As subjects (sort of) of His Majesty, Joan and I made a point of watching all the best parts of the coronation on youtube and, of course, on the official coronation website, www.coronation.gov.uk. Whether we are technically his subjects, I’m not sure. But we both have Canadian passports and Charles III is indeed King of Canada, its Sovereign and its Head of State. The monarchy isn’t particularly popular in Canada these days, however, so who knows how long it will be before Canada follows Barbados and cuts its ties to the House of Windsor completely? And whither Canada goeth in this regard, thither soon enough shall surely followeth Australia and New Zealand, plus a host of other nations eager to assert their autonomy from their erstwhile occupiers. What can you do? Time marches on!

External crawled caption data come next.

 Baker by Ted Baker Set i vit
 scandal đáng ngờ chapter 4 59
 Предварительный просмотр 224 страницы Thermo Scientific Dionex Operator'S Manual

But the coronation itself was remarkable: a strange blend of magic
and majesty, of pomp and tradition seasoned with an overt, sometimes slightly
ham-fisted effort to make inclusive a ceremony that by its very nature could not
conceivably be any less so. I watched, I do have to admit, with rapt attention.
And there were some advantages to watching it hours after it happened because
of Shabbat: as opposed to everybody present, we had the relaxing experience of
watching the coronation unfold while already knowing that the whole thing was
going to be pulled off almost without a hitch and that no one was going to try
to make an anti-monarchic point by blowing up Westminster Abbey during the
ceremony. So that was our stress-reducing reward for watching it not live, but
fully after-the-fact.
The Jewish angle that has been discussed every which way in
blogosphere has to do with the Chief Rabbi’s presence in Westminster Abbey,
formally and in every conceivable other way a church, on Shabbat morning.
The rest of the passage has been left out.